Here we go again (UPDATED)

UPDATED!!!!!!!!!! (Scroll down)
I know that a number of wedding professionals read this blog so I am urging you all to read this recent post on the Perfect Wedding Guide website.

Maybe I am mistaken but doesn't the PWG derive most of its revenue from advertisements? Aren't there Florists, DJs, wedding planners, Bridal shops, reception sites and make-up artists paying hundreds if not thousands of dollars to advertise to brides in there regional guides?

Why then would the collective editors decide to bite the hands that feed them and publish garbage advice like this?

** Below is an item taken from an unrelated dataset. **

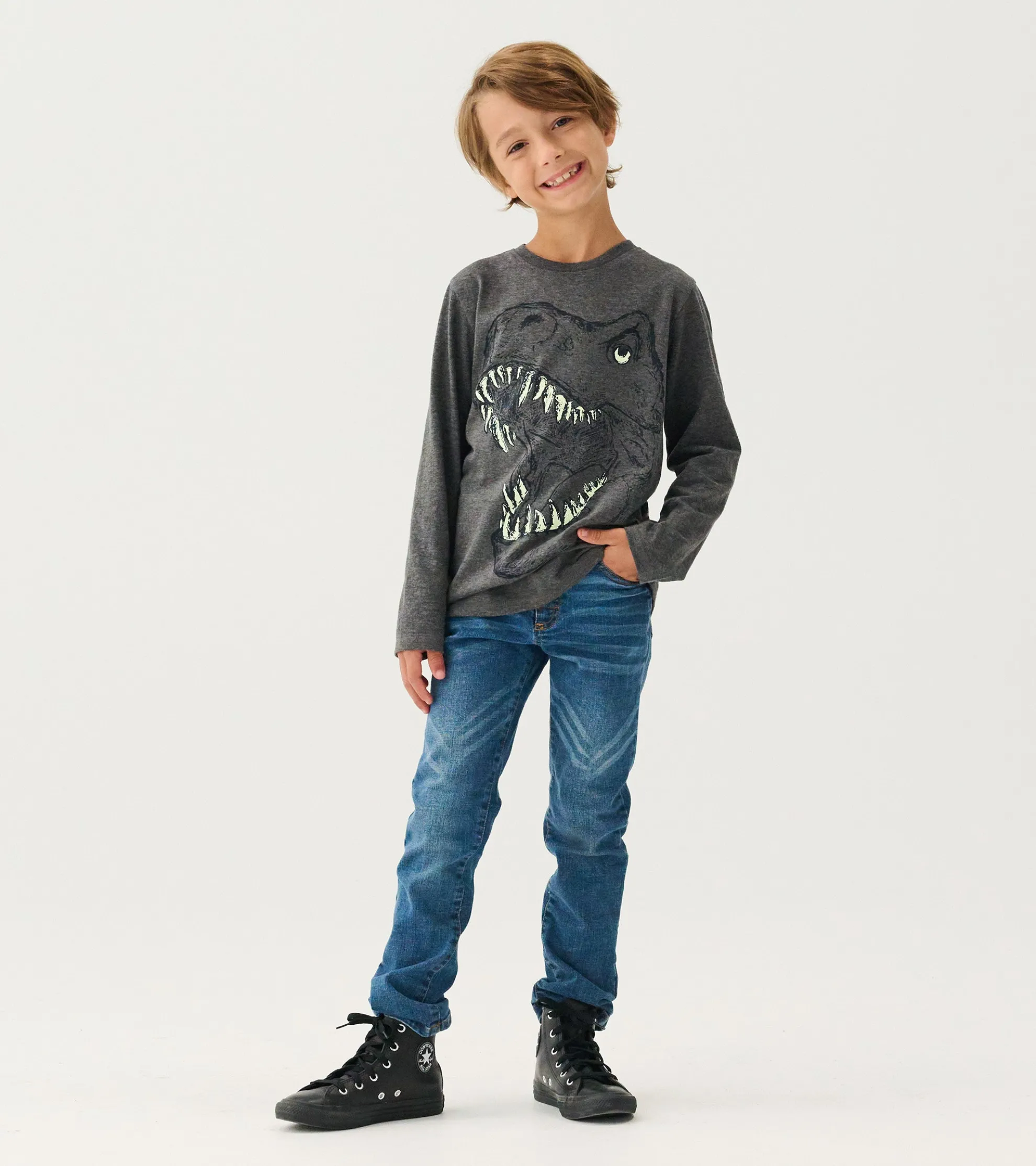 Online Boys T-Rex Glow in the Dark Long Sleeve T-Shirt BOY Tops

Sure you can DIY your entire reception and save lots of money. You'll also spend your entire reception running around putting out little "fires" as you go. iPod stopped playing in the middle of your first dance? No problem since it's the grooms iPod he'll just stop and head over to the boom box and reboot, so you can start over and try and salvage a memory that doesn't include a curse of Steve Jobs under your breath.
Have your friend do your make-up so that when you get all those digital pictures that your guests took with their cameras on automatic you'll look like a $2 street walker at 5am on a Sunday.
Collect flowers from a field behind your house? When you doing that for your June wedding? In the morning before the ceremony? You sure aren't doing it anytime before that unless you have an industrial sized refrigeration unit to store them in.
Shop consignment on your dress. Why not? Just be prepared for the astronomically high alterations bill from your local bridal shop. They aren't offering discount alterations on dresses they didn't sell.
Oh and my personal favorite hors d'oeuvres instead of a meal.(bet you thought I'd be more upset by the iPod didn't you?) Your guests will be joining you through at least one meal unless you are planning some sort of combined ceremony/reception that ends in 2 hours. Yeah finger foods will encourage them to linger and share your magical day.
With wilted flowers on the tables of a strangers house, while your guests struggle to dance to whatever you happen to have on your iPod playlist, as the seams on your thrift store dress burst open cause Aunt Millie is half blind and just doesn't sew like she used to.
That'll sure be a memorable event to say the least.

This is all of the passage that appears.